Several router implementations allow multipath forwarding. This is 
sometimes done naively via round-robin, where each packet matching a 
given destination route is forwarded using the subsequent next-hop, 
in a round-robin fashion. This does provide a form of load 
balancing, but there are several problems with approaches such as 
round-robin or random: 


Variable Path MTU 
Since each of the redundant paths may have a different MTU, 
this means that the overall path MTU can change on a packet- 
by-packet basis, negating the usefulness of path MTU discovery. 


Variable Latencies 
Since each of the redundant paths may have a different latency 
involved, having packets take separate paths can cause packets 
to always arrive out of order, increasing delivery latency and 
buffering requirements. 


Packet reordering causes TCP to believe that loss has taken 
place when packets with higher sequence numbers arrive before 
an earlier one.

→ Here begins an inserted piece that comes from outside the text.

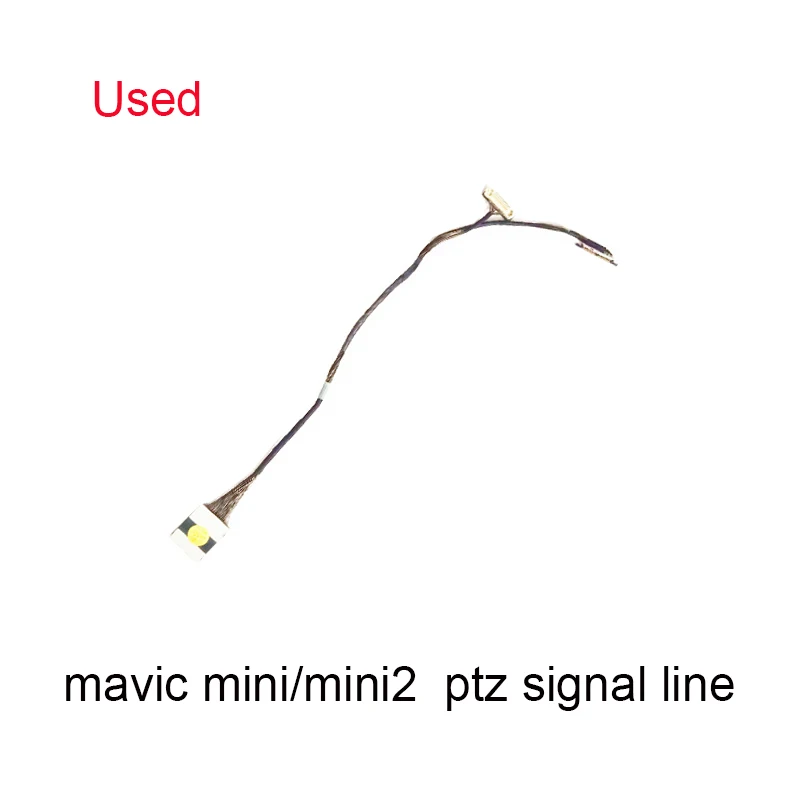 Gimbal PTZ Signal Line Cable For DJI Mavic Pro 2Pro&Zoom Air&Air2 Mini&Mini2  Drone Replacement Accessories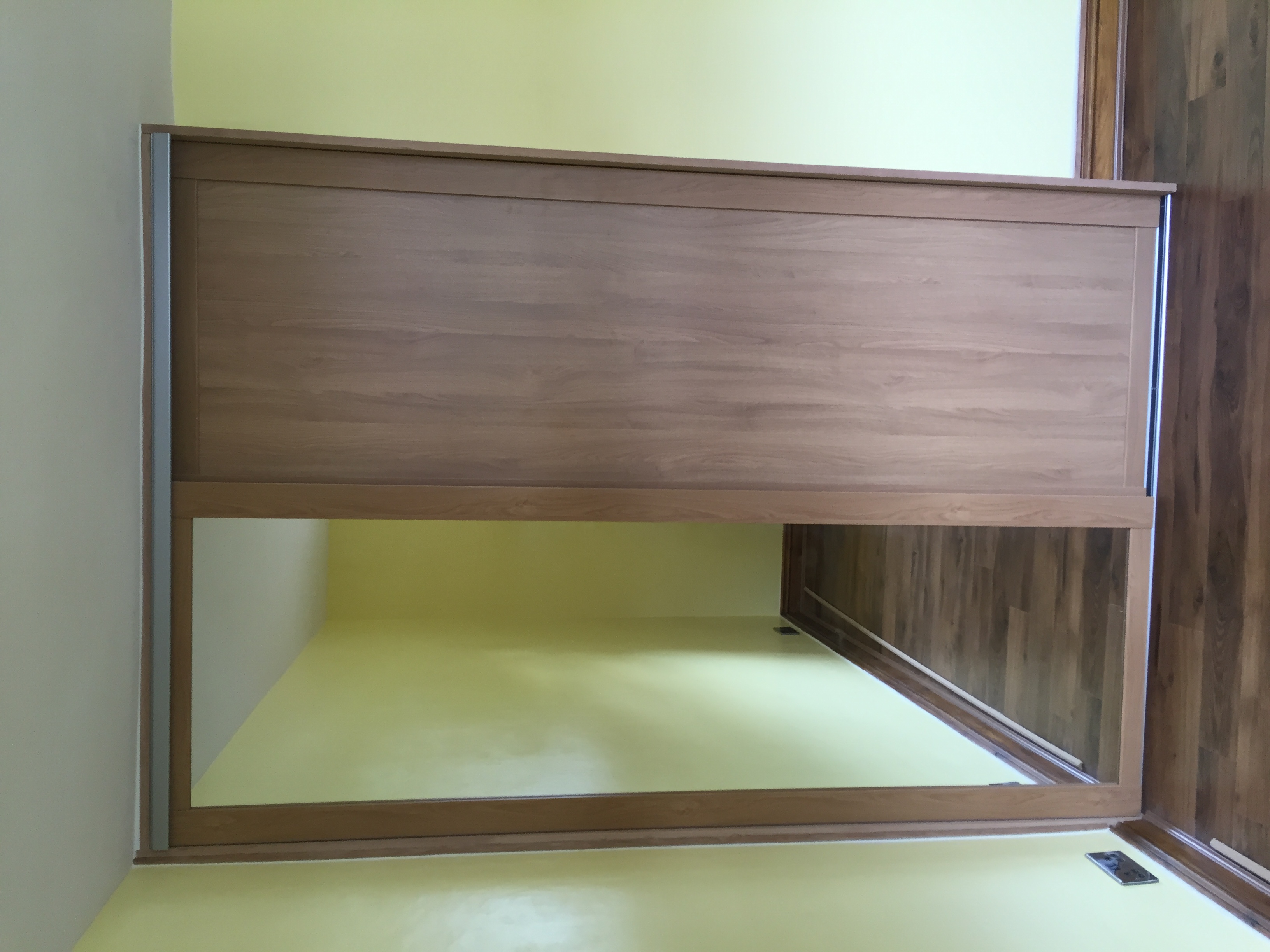 Bespoke Wardrobes Barry Cardiff At R Griffiths Carpentry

When three or more packets are received before 
a "late" packet, TCP enters a mode called "fast-retransmit" [6] 
which consumes extra bandwidth (which could potentially cause 
more loss, decreasing throughput) as it attempts to 
unnecessarily retransmit the delayed packet(s). Hence, 
reordering can be detrimental to network performance. 


Debugging 
Common debugging utilities such as ping and traceroute are much 
less reliable in the presence of multiple paths and may even 
present completely wrong results. 


In multicast routing, the problem with multiple paths is that 
multicast routing protocols prevent loops and duplicates by 
constructing a single tree to all receivers of the same group 
address. Multicast routing protocols deployed today (DVMRP, PIM-DM, 
PIM-SM) [2] construct shortest-path trees rooted at either the 
source, or another router known as a Core or Rendezvous Point. 
Hence, the way they ensure that duplicates will not arise is that a 
given tree must use only a single next-hop towards the root of the 
tree.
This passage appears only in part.